God created the world in six days.
How would we set up a correspondence to assess these "truths"? Worse, we could get wildly paradoxical:
The correspondence theory of truth is true.
How would we evaluate the truth of THAT statement?
Pragmatists try to cut their way through this epistemic muddle by saying that we evaluate the truth of such claims by evaluating how these ideas WORK. This is truth as coping. Beliefs that help us cope (i.e., deal effectively with life) are adopted as "true." The "truth" is not a matter of correspondence, an unknowable issue, but a matter of pragmatic outcomes. Truth is effective. More from Rorty: Pragmatists "have no use for the reality-appearence distinction, any more than for the found and the made. We hope to replace the reality-appearance distinction with the distinction between the more useful and the less useful."
Revisiting our simplistic bathroom scenarios, we can note that the first belief might be deemed true because it helps us cope (i.e., it guides us to the bathroom successfully). The fact that the idea "corresponds" to the layout of the house really only distracts us from the true purpose of the belief: Coping. Coping is the end of all beliefs. Sometimes correspondence is the means, but correspondence is never the end. This is what James means when he says the trail of the human serpent is over everything. A pure, objective knowledge is incomprehensible outside of human goals, agendas, and interests. But note that many pragmatists part with Rorty here. Rorty denies the comprehensibility of truth-as-correspondence. But Jamesian pragmatists can grant correspondence. We only insist that correspondence is always subjugated to human coping (i.e., corresponding beliefs are very good at helping us cope). Knowledge is inherently pragmatic.
Louis Menand puts it like this in his book The Metaphysical Club: A Story of Ideas in America:
"An idea has no greater metaphysical stature than, say, a fork. When your fork proves inadequate to the task of eating soup, it makes little sense to argue about whether there is something inherent in the nature of forks or something inherent in the nature of soup that accounts for the failure. You just reach for a spoon.''
The argument here is that we replace the idea of correspondence with notions of functionality and utility. Ideas are not "true" or "false." Ideas are forks. They are tools for coping. Some ideas work in certain situations. Others don't.
So, here's my big point: Theology is a fork.
More specifically, the trail of the human serpent is all over theology. How could we possibly disentangle theological ideas from human goals, agendas, and interests? We can't. We make God in our own image. And the minute we claim we DON'T make God in our own image, well, we can conclude that the human serpent is all over THAT statement as well. (Kind of like the epistemological equivalent of SoaP.)
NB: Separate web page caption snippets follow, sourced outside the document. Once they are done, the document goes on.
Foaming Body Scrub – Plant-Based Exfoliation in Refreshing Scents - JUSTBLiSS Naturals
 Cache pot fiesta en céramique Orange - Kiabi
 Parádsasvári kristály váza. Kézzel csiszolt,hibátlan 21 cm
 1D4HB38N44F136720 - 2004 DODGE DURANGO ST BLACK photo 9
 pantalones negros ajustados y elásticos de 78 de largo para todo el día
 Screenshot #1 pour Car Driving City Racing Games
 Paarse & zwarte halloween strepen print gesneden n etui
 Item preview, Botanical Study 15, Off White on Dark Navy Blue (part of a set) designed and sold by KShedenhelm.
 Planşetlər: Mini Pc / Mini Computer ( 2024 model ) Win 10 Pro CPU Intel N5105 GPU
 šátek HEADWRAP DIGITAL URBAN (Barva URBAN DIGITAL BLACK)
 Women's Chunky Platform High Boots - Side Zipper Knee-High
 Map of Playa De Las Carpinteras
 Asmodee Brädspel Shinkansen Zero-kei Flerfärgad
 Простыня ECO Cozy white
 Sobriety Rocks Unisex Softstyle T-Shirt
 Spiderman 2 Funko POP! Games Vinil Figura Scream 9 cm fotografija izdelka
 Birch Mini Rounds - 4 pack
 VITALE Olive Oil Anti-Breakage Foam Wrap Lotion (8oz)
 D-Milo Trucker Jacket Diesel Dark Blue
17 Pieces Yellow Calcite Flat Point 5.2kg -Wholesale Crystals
Interestingly, the SoaP formulation leads us to another intersection between James and the emerging church. Again, compare James' "the trail of the human serpent is thus over everything" with another formulation from Peter Rollins in How (Not) to Speak of God: "[N]aming God is never really naming God but only naming our understanding of God. To take our ideas of the divine and hold them as if they correspond to the reality of God is thus to construct a conceptual idol built from the materials of our mind."
Given that the human serpent is deeply intertwined in all of our theological conversations, tempting us (a la Rollins) with "conceptual idolary" (i.e., the illusion that theology "corresponds" with the Divine), the only way forward is to lay all those utensils (i.e., theological ideas) on the table for pragmatic consideration. Let's say we not eating soup but eating a steak. We lay on the table a knife, a fork, and a spoon. What do we choose? We reach for the knife and fork. Because the knife and fork are truer than the spoon? No. We pick up the knife and fork because they get the job done.
Let's end by extending the metaphor. Rather than eating soup or steak, let's say the task before us is to create a community of loving people conforming to the image of Jesus?
Hmmm....
What kind of spoon or fork or knife would you need, theologically speaking, to get that work done?